Records for the task:
######

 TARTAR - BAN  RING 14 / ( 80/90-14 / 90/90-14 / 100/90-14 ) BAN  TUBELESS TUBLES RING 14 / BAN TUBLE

######

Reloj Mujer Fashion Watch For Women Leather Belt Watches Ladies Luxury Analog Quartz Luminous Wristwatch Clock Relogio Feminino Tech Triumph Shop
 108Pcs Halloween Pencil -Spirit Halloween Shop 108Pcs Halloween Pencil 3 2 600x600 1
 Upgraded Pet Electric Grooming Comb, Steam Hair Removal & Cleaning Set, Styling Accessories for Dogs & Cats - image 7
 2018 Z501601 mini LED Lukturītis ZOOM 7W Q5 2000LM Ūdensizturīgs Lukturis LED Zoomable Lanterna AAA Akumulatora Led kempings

######

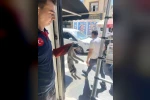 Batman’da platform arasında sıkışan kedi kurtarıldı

######

Instructions for the task: All lines above from the one holding "Upgraded Pet Electric" to the one holding "2018 Z501601 mini", inclusive, are to be copied exactly; no other line is wanted.

Solved exercise:
 Upgraded Pet Electric Grooming Comb, Steam Hair Removal & Cleaning Set, Styling Accessories for Dogs & Cats - image 7
 2018 Z501601 mini LED Lukturītis ZOOM 7W Q5 2000LM Ūdensizturīgs Lukturis LED Zoomable Lanterna AAA Akumulatora Led kempings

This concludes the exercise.